Un procès contesté et entaché d’irrégularités
Depuis le début de l’instruction, l’avocat du plaignant, Néjib al-Naïmi fustige la manière avec laquelle son client a été traité. Les manquements à la procédure n’ont visiblement pas manqué : audiences secrètes, faux témoignages et composition du tribunal contraire au code de procédure pénal. Malgré ses nombreuses réclamations, Néjib al-Naïmi qui n’est autre que l’ancien ministre de la Justice du Qatar et un des avocats ayant défendu Saddam Hussein, a vu ses demandes de libération rejetées. Pour la défense de leur ami, les partisans d'al-Ajami avancent que la récitation du poème a été faite lors d'un rassemblement privé et postée sur YouTube à son insu.
Du côté de l’accusation, on insiste sur le fait que le poète s’est comporté de manière arrogante et a même rejeté l’autorité du président du tribunal au motif que ce dernier était noir et Soudanais.

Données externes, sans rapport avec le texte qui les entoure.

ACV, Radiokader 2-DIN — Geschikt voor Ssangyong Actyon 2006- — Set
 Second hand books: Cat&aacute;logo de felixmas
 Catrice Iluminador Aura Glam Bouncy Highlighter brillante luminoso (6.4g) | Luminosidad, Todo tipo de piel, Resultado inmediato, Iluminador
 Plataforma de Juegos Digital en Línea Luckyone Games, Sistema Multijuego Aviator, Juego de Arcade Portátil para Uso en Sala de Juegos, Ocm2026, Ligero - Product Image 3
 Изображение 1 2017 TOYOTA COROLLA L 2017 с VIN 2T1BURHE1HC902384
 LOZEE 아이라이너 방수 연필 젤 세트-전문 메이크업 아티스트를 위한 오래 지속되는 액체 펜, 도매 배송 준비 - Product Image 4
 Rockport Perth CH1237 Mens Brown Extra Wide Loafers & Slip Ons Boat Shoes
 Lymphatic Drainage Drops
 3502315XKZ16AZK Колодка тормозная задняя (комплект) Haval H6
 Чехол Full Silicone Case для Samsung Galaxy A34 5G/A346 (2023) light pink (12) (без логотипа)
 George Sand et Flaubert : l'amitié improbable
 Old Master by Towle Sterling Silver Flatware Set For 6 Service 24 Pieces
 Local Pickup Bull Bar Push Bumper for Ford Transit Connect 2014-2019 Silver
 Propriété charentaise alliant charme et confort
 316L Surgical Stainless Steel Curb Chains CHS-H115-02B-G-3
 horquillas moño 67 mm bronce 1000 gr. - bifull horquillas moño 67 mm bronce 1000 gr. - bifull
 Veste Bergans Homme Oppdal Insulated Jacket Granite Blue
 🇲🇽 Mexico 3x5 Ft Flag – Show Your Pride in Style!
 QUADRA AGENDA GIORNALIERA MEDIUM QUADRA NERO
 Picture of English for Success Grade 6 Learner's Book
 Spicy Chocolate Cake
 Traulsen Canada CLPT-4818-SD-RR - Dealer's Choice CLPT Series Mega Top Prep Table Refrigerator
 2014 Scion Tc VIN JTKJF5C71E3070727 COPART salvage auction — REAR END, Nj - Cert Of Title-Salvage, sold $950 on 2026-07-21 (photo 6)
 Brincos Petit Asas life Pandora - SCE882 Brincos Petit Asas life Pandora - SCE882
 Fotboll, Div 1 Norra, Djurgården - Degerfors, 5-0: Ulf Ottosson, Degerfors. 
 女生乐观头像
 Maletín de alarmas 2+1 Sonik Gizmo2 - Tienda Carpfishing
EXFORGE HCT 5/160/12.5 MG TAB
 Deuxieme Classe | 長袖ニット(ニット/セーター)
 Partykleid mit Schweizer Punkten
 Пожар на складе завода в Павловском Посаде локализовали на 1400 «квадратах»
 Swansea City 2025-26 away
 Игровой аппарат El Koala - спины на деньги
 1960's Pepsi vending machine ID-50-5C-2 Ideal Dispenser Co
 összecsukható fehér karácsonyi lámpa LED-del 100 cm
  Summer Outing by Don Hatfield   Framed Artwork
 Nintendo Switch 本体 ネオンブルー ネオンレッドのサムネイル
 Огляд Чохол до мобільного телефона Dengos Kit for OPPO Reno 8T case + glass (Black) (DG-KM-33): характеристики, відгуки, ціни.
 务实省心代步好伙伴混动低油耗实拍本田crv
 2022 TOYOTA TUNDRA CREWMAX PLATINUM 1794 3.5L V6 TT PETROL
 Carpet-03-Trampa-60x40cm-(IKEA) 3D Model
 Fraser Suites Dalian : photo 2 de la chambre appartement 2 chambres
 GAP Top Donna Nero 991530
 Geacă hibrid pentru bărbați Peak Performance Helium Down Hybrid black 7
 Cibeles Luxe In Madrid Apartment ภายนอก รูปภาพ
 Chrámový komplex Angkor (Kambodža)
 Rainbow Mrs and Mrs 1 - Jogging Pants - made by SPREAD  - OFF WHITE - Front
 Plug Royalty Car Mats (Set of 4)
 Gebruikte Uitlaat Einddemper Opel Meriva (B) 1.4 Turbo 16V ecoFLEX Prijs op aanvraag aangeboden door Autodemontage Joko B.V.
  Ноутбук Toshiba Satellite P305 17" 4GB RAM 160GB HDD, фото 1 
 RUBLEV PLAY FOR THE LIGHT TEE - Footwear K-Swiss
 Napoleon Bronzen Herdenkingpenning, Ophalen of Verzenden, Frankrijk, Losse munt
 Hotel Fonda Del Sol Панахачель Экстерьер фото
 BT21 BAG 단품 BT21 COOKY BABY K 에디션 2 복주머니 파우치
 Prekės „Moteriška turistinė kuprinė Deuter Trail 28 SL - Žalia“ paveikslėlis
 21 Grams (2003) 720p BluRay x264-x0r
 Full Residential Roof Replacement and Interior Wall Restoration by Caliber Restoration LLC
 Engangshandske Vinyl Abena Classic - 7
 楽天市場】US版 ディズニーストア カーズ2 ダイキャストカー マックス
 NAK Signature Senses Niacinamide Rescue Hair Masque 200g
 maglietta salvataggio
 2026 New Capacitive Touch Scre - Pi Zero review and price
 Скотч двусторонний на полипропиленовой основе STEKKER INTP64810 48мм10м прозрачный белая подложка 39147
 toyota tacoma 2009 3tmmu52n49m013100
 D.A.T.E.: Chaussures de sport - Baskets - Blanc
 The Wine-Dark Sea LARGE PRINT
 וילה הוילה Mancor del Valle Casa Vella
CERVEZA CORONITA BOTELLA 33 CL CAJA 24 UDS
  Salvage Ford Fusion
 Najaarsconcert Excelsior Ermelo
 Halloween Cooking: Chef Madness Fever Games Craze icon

De son côté, Néjib al-Naïmi a déclaré lors d’une interview accordé au quotidien en ligne Doha News qu' "il n'y a pas de preuves pour affirmer ces accusations. "Il n'a insulté personne et il n'a rien fait de mal" a-t-il insisté.
Le Haut Commissariat aux Droits de l’homme monte au créneau
Trois rapporteurs spéciaux des Nations Unies ont publié une déclaration le 20 octobre 2015 dans laquelle ils assurent que ce procès a été entaché d'irrégularités. Ils ajoutent que la procédure a été non conforme avec les normes internationales qui protègent la liberté d'expression et qu'al-Ajami n’a pas bénéficié d’un procès équitable. En 2013, le Haut Commissariat aux Droits de l’homme (HCDH) avait exprimé ses inquiétudes sur la sévérité de la peine en ajoutant avoir de sérieux doutes sur l’équité du procès. L'instance avait aussi déploré les nombreux mois passés par Ibn al-Dhib à l’isolement. Le HCDC appelle enfin au respect des libertés fondamentales et demande instamment aux autorités qataries la libération immédiate du détenu. De son côté, Khalid ben Jassim al-Thani, directeur du service des droits de l’homme dépendant du ministère des Affaires étrangères a défendu son pays dans la gestion de cette affaire. Il a affirmé que "son procès a été menée conformément aux normes internationales," en ajoutant que la condamnation est basée sur "la libre conviction et les preuves légitime présentées devant la Cour."